Мы переглянулись с Сидом.
— А чего тогда их тлинкиты обстреливают? И почему с тлинкитами никто не разберётся.
Смотритель покрутил ус, словно не решаясь сказать правду.
— Тут есть гипотеза. Что или они специально так подстроили, чтобы заказ у краевого управления на вооружённые вездеходы получить. Или это какие-то их внутренние разногласия. Их же десять братьев и дядьёв — родных, двоюродных и троюродных. У каждого разные доли, хрен разберётся, но те, что сыновья Артёма Алексеевича — поговаривают, что обиженные. Вот, может быть, между собой и собачатся.
— Хоть кино снимай! — усмехнулся Сид. — Как про «Демидовы начистоту» запрещённый.
— А как в фермерстве дела? Всё ли тихо?
Смотритель изменился в лице.
— Мы туда не суёмся. Там же изолированная община. Аборигенная. Инуиты-казаки… то бишь контрактники на охране. Никаких дворянских не подпускают. Хотя кусок лакомый — мамонтов всего на десяти фермах разводят, шерсть очень дорого ценится. А бивни — так вообще! Но — под запретом. А у их головы — так вообще проездной бесплатный, каждый месяц печать ставлю, продляю.
— Получается, не трогают? Хм… Забавно.
— Что именно забавно? — Сид уставился на меня.
Мне вспомнилось, как отец сказал, что Лаптевы боятся Общества. Говорить подробности разговора Сиду я пока не собирался.
— Ты сказал, что полчаса на запад, это пешком?
Смотритель усмехнулся.
— В такую-то погоду? Тут то растает, то замёрзнет, то снова снег. Полыньи. Пешком — часа четыре. Это, если на лыжах умеете. А полчаса — это на снегоходах. Двуместный он. Могу сам отвезти, но вечером, после последней смены, или сейчас арендуете. Два рубля на весь день.

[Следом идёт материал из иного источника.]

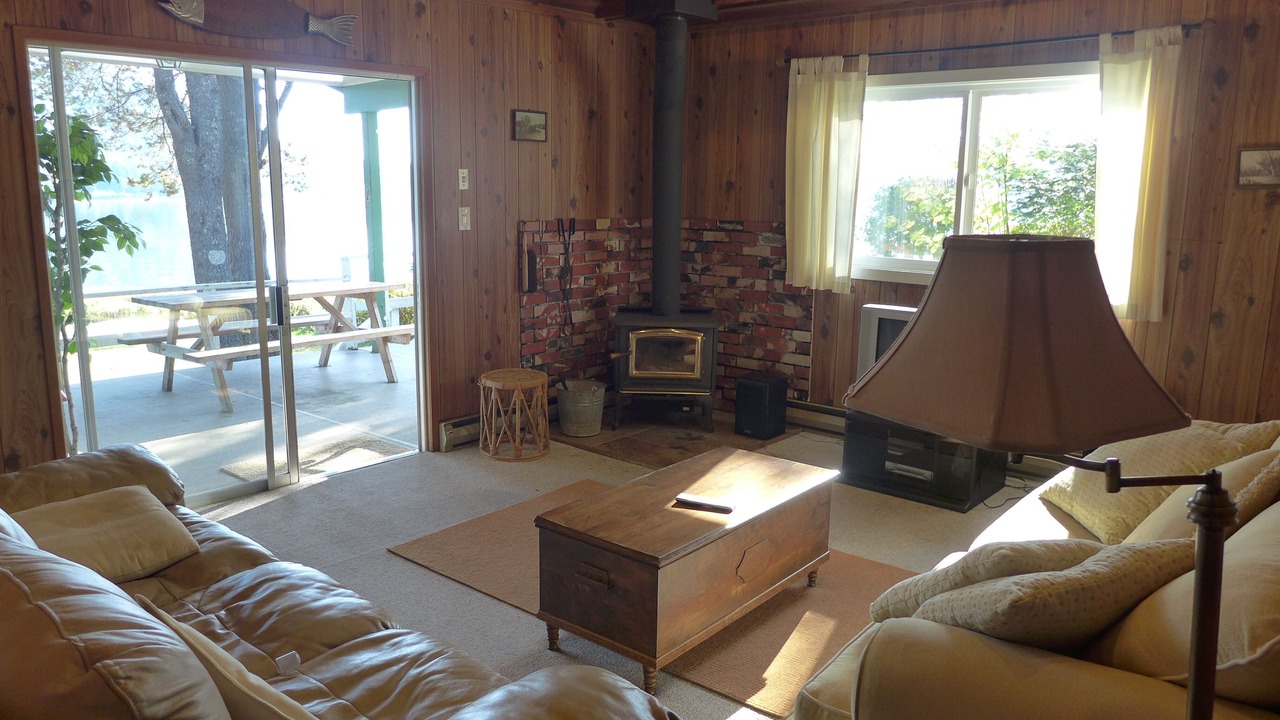 Photo of Livingroom in Shawnigan Lake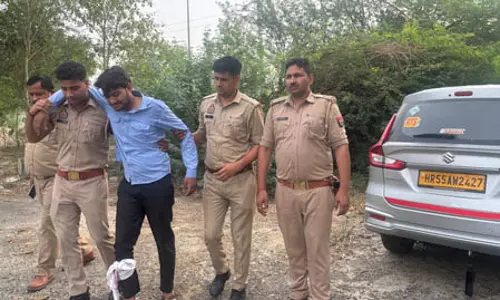 25 हजार के इनामी बदमाश को पुलिस ने एनकाउंटर में किया गिरफ्तार, पैर में लगी गोली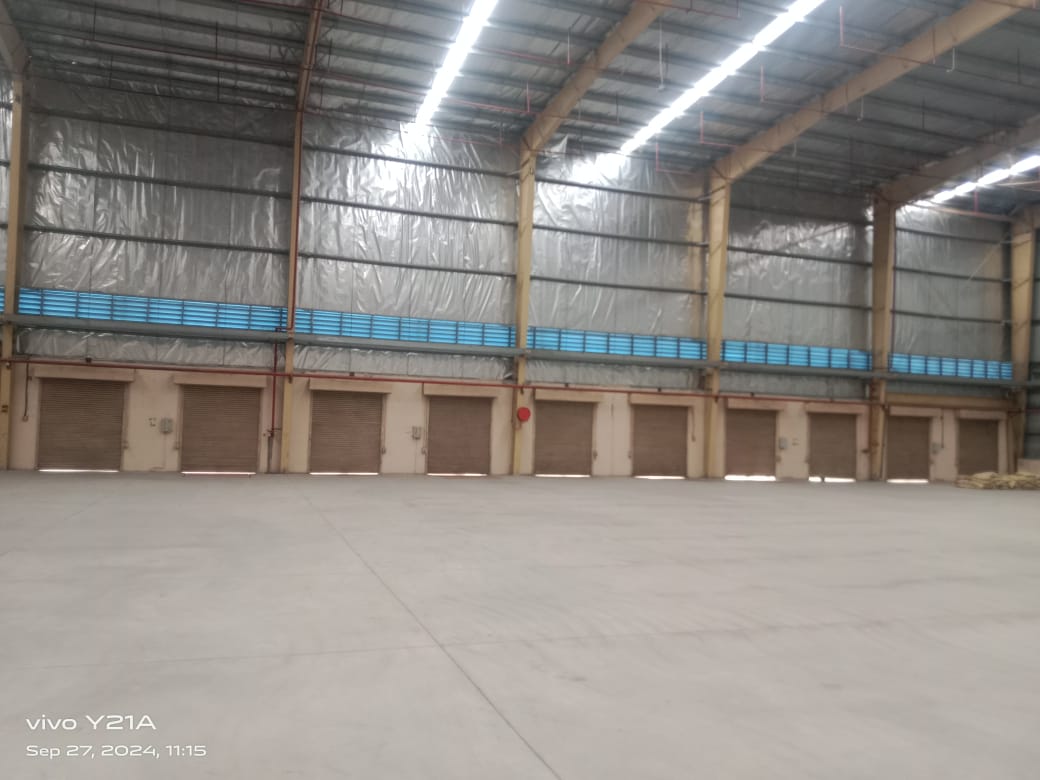 HyphenSCS-Warehouse-73258-3.png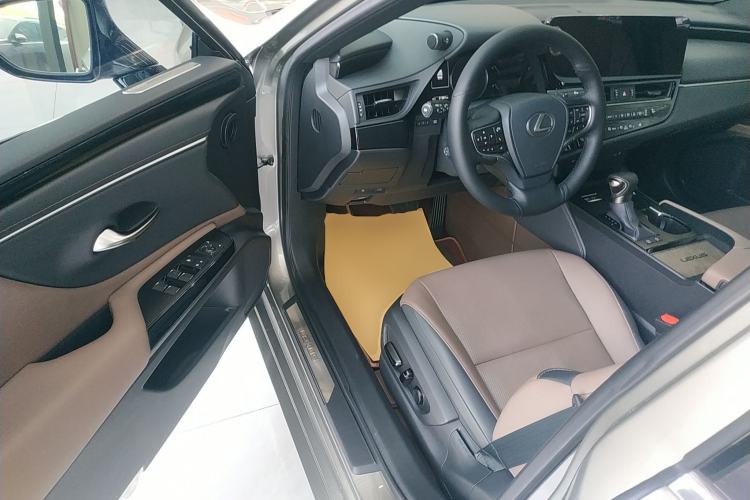 Used Lexus ES 2023 200 Excellence Edition Driver Seat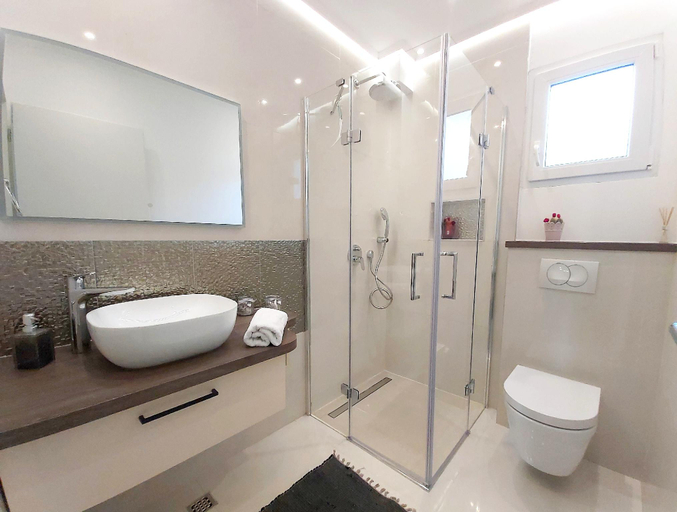 Bathroom 2, sea view apartment w/ swimming pool and jacuzzi a7, Trogir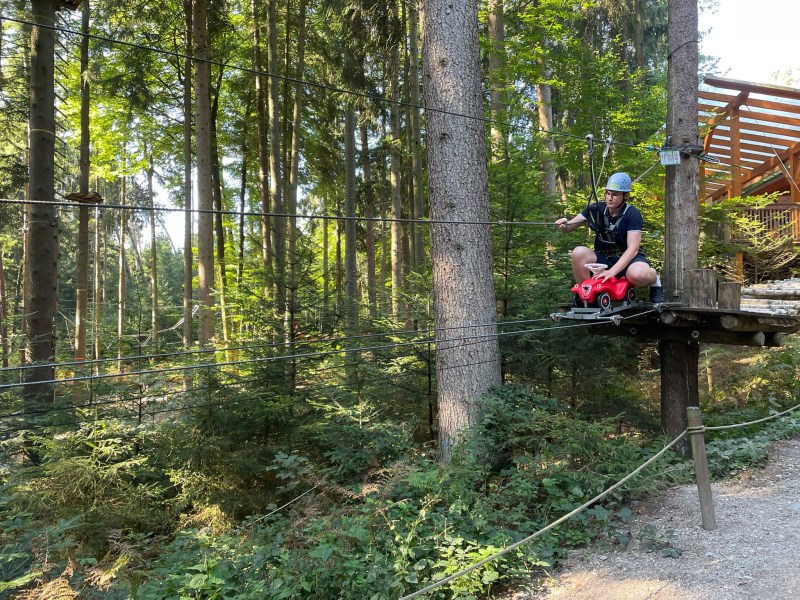 Ministrantenausflug Oberreith Valentin auf Bobby Car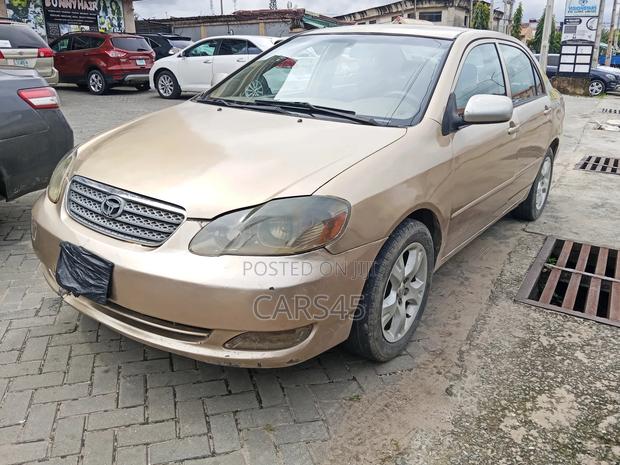 Toyota Corolla 2006 Gold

— Ты мотоциклы же водить умеешь?
— Умею, — кивнул Сид, только слегка неуверенно.
— Ну, в общем, ты поведёшь.
Делать было нечего — снова потратились, заправили снегоход, погрузились и помчали по свежему снегу. По правде сказать, впечатление от поездки было прекрасное — полное одиночество, ветер по щекам, снег и яркое арктическое солнце у горизонта. К счастью, Сид справился с управлением и даже нашёл протоптанную тропу, поэтому пользоваться навигатором не пришлось. Вскоре, действительно — показался белоснежный бетонный забор, тянувшийся вдоль на несколько километров, а за ним — вышка, вроде тех, что бывают в колониях. Ворота оказались закрыты, и я вовремя приказал Сиду затормозить.
— Стой!
Сначала подумалось, что запели птицы, но после я узнал этот свист — снег перед нами расчертила дорожка пуль.
— Стоять! Кто такие? — зазвучал голос из мегафона, повторивший затем фразу на незнакомом языке.
— Циммер!! — заорал я. — Циммер Эльдар Матвеевич! Мне нужен Черемных. Скажите, что приехал барин.
— Минуту, — ответил голос.
Ждать пришлось не минуту, а целых десять.
— Надеюсь, накормят и напоят, — сказал Сид, потирая замёрзшие предплечья. — Как они тут живут-то?
— Нормально живут. В других мирах такой климат на широте Сургута. Только мамонтов нет.
— А кого разводят тогда?
— Оленей. И кое-где лошадей северных и сайгаков.
Ворота, наконец-то, распахнулись. Из них вынырнула двойка белоснежных снегоходов, на которых сидела пара одетых в полярную униформу военных — один рулил, а у второго в руках был автомат. Описав два полукруга, они взяли нас в окружение. Ворота закрылись, один из бойцов спрыгнул со снегохода и зашагал ко мне.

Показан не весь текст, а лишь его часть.